My question to the community is this: How do we hold onto the rigor that defines us, without letting our tools define the limits of our moral ambition?
My post is a philosophical critique of EA's epistemic culture. The core argument is that our community has a built-in preference for the easily measurable, and I'm exploring the downsides of that bias.
On your points about proof (1 & 3):
The demand for pre-existing, legible proof for a class of interventions highlights the exact paradox I'm concerned about. If we require a high standard of quantitative evidence before trying something new, we may never run the experiments needed to generate that evidence. This creates a catch-22 that can lock us out of potentially transformative work.

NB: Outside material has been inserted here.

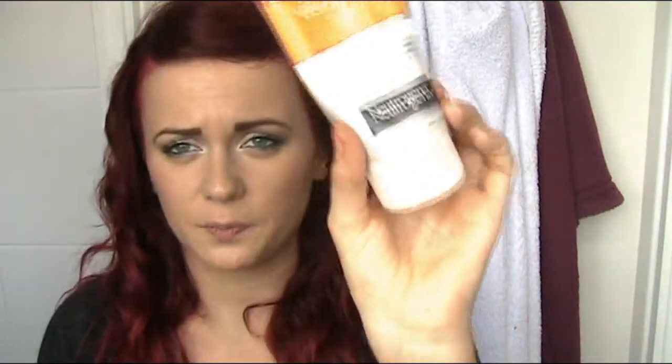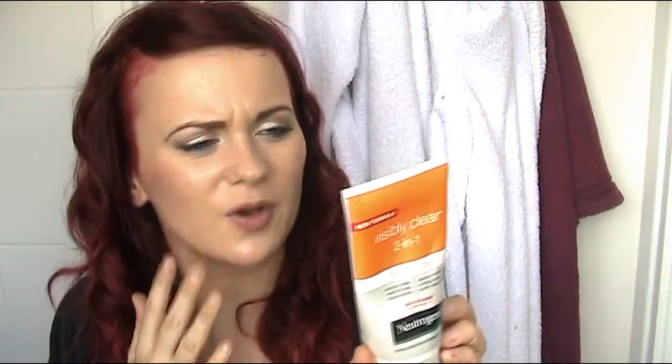My next product is the Neutrogena Visibly Clear 2-in-1 Deep Clean Face Wash and Mask. When I use this mask I can really feel the ingredients on my face — it almost feels like it's got menthol in it, like it's opening my pores. It's more intense if you use it as a mask because it's sitting on your face and drying. It reminds me of the Clinique toner — I always called it the Pink Paint Stripper — that really intense feeling where you feel like it's doing something. I like it for that. I wouldn't say it particularly cleared up my skin, but it didn't cause any breakouts either, and I'll definitely repurchase it.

On your point about existing orgs (2):
You're right, these organizations do this work. My argument isn't that systemic change is absent from EA, but that it's on the periphery. It's not central to the movement's core narrative or funding strategy in the way direct interventions are. The question is why this type of work isn't more foundational to our approach across all cause areas.
On your final question (the "root cause"):
Good catch on my "root cause" phrasing—it was imprecise. A better term is "foundational systems" or "underlying structures." My hypothesis isn't about a single cause, but that improving these foundational systems acts as an "impact multiplier" that makes all direct interventions more effective. The core problem remains that the impact of strengthening these systems is diffuse and hard to measure.